Reminder: The Trump Admin is trying to strike down the law which would make a Caronavirus vaccine free

SHOT (if you can afford one):

!! Azar refuses to promise a coronavirus vaccine will be affordable for anyone:

"We would want to ensure that we work to make it affordable, but we can't control that price, because we need the private sector to invest.. Price controls won't get us there."

— Michael McAuliff (@mmcauliff) February 26, 2020

CHASER:

If the U.S. Preventive Services Task Force recommended a coronavirus vaccine, the ACA would require that all insurance plans cover it with no patient cost-sharing. (That wouldn't apply to short-term plans expanded by the Trump administration, which do not comply with ACA rules). https://t.co/OK7SOm22Wh

— Larry Levitt (@larry_levitt) February 26, 2020

In other words, assuming such a vaccine proved to be extremely expensive at full price (which is pretty likely), anyone enrolled in a non-ACA compliant policy...such as the #ShortAssPlans being pushed heavily by the Trump Administration...would be pretty much screwed.

The Trump Administration is, of course, also rooting for the 5th Circuit Court of Appeals / Supreme Court to strike down the Affordable Care Act.

Speaking of #ShortAssPlans and the Caronavirus...

A Miami man who flew to China worried he might have coronavirus. He may owe thousands.

After returning to Miami last month from a work trip in China, Osmel Martinez Azcue found himself in a frightening position: he was developing flu-like symptoms, just as coronavirus was ravaging the country he had visited....

He went to Jackson Memorial Hospital, where he said he was placed in a closed-off room.

...“This will be out of my pocket,” Azcue, who has a very limited insurance plan, recalled saying. “Let’s start with the blood test, and if I test positive, just discharge me.”

Fortunately, that’s exactly what happened. He had the flu, not the deadly virus that has infected tens of thousands of people, mostly in China, and killed at least 2,239 as of Friday’s update by the World Health Organization.
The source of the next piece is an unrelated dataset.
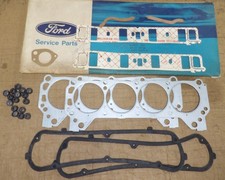 1964-1976 Ford Mustang Torino Mercury Comet Nos 289 302 Valve Grind Gasket Set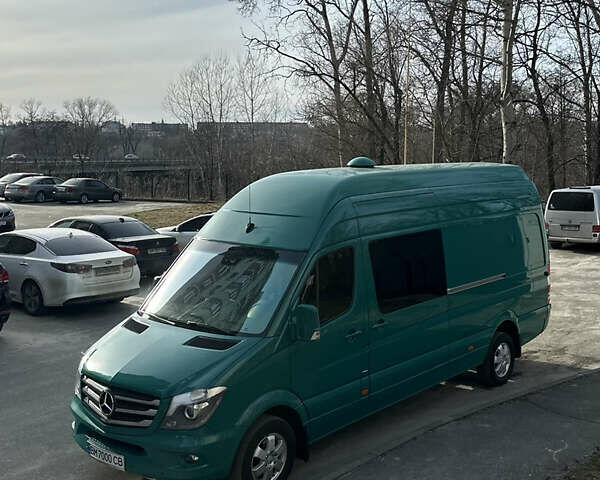 Зелений Мерседес Sprinter, об'ємом двигуна 3 л та пробігом 430 тис. км за 45000 $, фото 11 на Automoto.ua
But two weeks later, Azcue got unwelcome news in the form of a notice from his insurance company about a claim for $3,270.

In 2018, President Donald Trump’s administration rolled back Affordable Care Act regulations and allowed so-called “junk plans” in the market. Consumers mistakenly assume that the plans with lower monthly costs will be better than no insurance at all in case of a medical catastrophe, but often the plans aren’t very different from going without insurance altogether.

...The limited plan’s requirement to provide three years of medical records before coverage kicks in, Corlette said, is not uncommon. The professor said she’s seen it come up for conditions like cancers that were never diagnosed but might have been hinted at in doctors’ visits from years past.

“That’s the critical difference between [Affordable Care Act] plans and junk plans,” she said. “[Junk plans] will not cover preexisting conditions.”